2004'te Sakıp Sabancı'yı kaybettik. Çok üzülmüştüm. Türkiye'nin sevdiği, olağanüstü bir insandı. Dünya vizyonu olan, insan gibi insan, adam gibi adamdı. Nur içinde yatsın.
2005'te Prens Charles uzatmalı sevgilisi Camilla Parker Bowles ile evlendi. Aşk her zaman galip geliyor ve gelecek. Aşkın kimyası başka. Onun ilacı yok. Aşk çok önemli, kim olursan ol. Orada soykırım yapamıyorsun. Aşk, aşktır.
2006'da Selahattin Duman genç sevgilisi uğruna eşlerini terk eden olgun erkeklere isim taktı; Azgın Teke... Selahattin Duman'ın her zamanki ironisi. Andropoza giren erkeğe 'azgın teke' mi deniyor artık?
2007'de Ajda ile Enrico Macias Parkorman'da sahneye çıktı... Olimpiya'daki heyecanımı, bir daha yaşamadım. Ama sembol olarak o konserde yanyana olmamız tabii ki çok güzeldi. Birbirimizin hayatından geçip gitmedik, müzik adına dostluğumuz hep sürdü.
Madonna ve Celine Dion 2008'de dünya çapında düzenledikleri konserlerle, değeri 200 milyon doları geçen bilet sattı. Türkiye'de sektörün durumuna bakınca bu sizi kıskandırıyor mu? Türkiye'de artık müzik yok ki. Bizler imge ve simge olarak varız. Şartlar eşit olmadığını hepimiz biliyoruz. Hem insan kendi önemini fark ettiği andan itibaren kimsenin önemi eskisi gibi olmuyor. Peki Ajda oralarda olsaydı Madonna ne yapardı acaba? (Kahkahalar...)
2009'da Ajda Pekkan Resim şarkısıyla yine çok konuşuldu, konuşturdu. Bu tabii ki 2009'da olmadı. Genelinde baktığınız zaman bu bir süreç. Tüm yaşadıklarımın toplamı olarak ortaya çıkıyor bunlar. Resim'de sahneye çıktığım zaman güzel bir şey yarattığıma inanıyorum. Ama insanlar bacaklarımı konuştu. Estetisyenler bile bu konudaki görüşleriyle sekize falan ayrıldılar. (Gülüşmeler.) İşte o sırada Resim'i unutup 'ne oluyor, bütün bunlar da neyin nesi' diyorsun. İnsansın çünkü. Ama ben her zaman çok reformist bir kadın oldum. Kendimi çok seviyorum. Bundan sonra da ortalığı sallamayı düşünüyorum. (Gülüşmeler)

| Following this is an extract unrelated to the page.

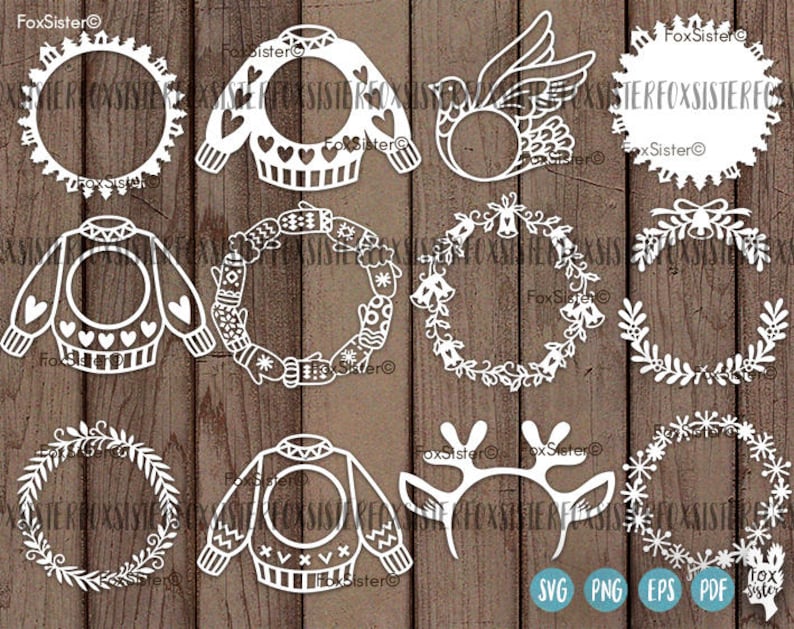 Download Christmas Monogram SVG Bundle SET 1 12 Blank Circle Wreath | Etsy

2010'da Tarkan gözaltına alındı. Çok üzücü. Bu kadar sevilen bir insan için çok yaralayıcı. Herkesin hayatında bazı yanlışlar olabilir, inişler çıkışlar olabilir. Meşhur olmak demek her şeye açık olmak demek. Başarı yalnızlık demek. Dolayısıyla hepimiz yalnızız. O da yalnız. Ama sevenleri ona yine sahip çıkacak. İftira da olabilir. O çok büyük bir sanatçı ve bütün bunları aşacağına inanıyorum.